You mis-comprehend. I'm all for "technology which opens up more creative possibilities after point of capture". I use DPP, GIMP, Photoshop CS, Hugin, and Lightroom. I pointedly referred to the "excellent Canon and Nikon and Pentax cameras" that we have now. I'm not suggesting going backwards even if I do have a darkroom in half the laundry room.

artd wrote:
Absolutely I would take the "push the button and do the rest at home" option if it were available. What would prevent me from taking advantage of such a benefit, other than sentimentality for doing things the old way? Will it bruise my ego as a photographer that all the technical aspects I used to labor over have been simplified by technology? I prefer to think that instead I'd see this as an opportunity to more efficiently chase my creative visions.
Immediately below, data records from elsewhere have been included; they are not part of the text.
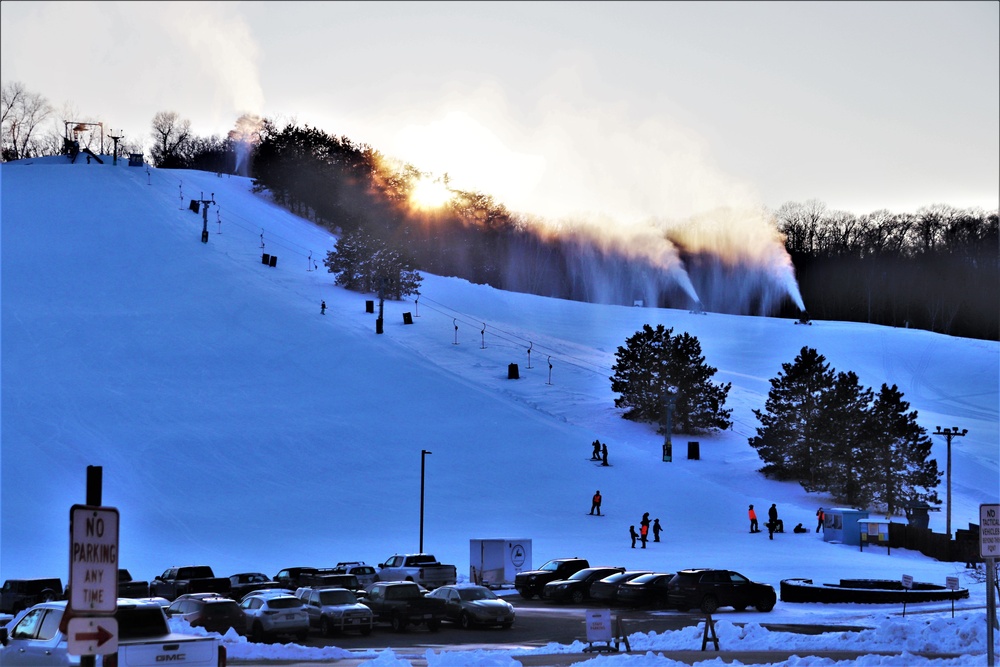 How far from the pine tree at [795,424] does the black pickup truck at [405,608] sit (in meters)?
31.9

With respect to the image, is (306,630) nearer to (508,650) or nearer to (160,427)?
(508,650)

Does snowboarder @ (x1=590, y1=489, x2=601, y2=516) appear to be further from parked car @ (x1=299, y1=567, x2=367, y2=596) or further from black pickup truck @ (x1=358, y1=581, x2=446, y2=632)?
black pickup truck @ (x1=358, y1=581, x2=446, y2=632)

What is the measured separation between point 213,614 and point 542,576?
45.7ft

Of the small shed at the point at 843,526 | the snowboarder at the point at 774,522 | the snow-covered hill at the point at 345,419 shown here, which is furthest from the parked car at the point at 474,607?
the small shed at the point at 843,526

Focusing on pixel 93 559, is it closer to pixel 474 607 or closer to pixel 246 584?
pixel 474 607

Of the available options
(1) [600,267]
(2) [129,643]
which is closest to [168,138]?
(1) [600,267]

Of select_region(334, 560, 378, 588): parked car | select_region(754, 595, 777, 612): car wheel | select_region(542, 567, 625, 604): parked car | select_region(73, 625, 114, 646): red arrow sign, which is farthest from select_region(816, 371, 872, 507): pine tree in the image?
select_region(73, 625, 114, 646): red arrow sign

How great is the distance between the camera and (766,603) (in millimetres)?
30781

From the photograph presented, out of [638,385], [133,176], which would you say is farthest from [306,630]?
[133,176]

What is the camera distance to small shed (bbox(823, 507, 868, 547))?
46.4m

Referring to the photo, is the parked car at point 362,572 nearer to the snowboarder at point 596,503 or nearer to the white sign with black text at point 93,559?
the snowboarder at point 596,503

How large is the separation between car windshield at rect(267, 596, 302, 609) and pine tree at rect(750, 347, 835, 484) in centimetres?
3577

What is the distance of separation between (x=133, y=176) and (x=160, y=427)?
76.9m

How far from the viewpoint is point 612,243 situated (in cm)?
14188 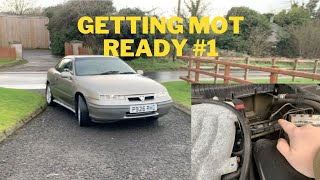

Such technology is available now, compared to what you used 20 years ago (if you were shooting at that time). The reason you don't use it (to push the button and let the camera do everything and instagram do the rest) is that you have upped your game so that you still do a lot of thinking and work in the field to get better results than you did 20 years ago (if you were shooting then). (Your architectural photography is exellent; you certainly upped your game some time ago and kept doing so.)

When new technology comes along, you'll do the same thing. You'll work hard in planning and in the field, thinking about what you are doing as you do it and why, juggling multiple variables and optimizing them for best results. Just like you do now. And the technology will again allow you to get even better results.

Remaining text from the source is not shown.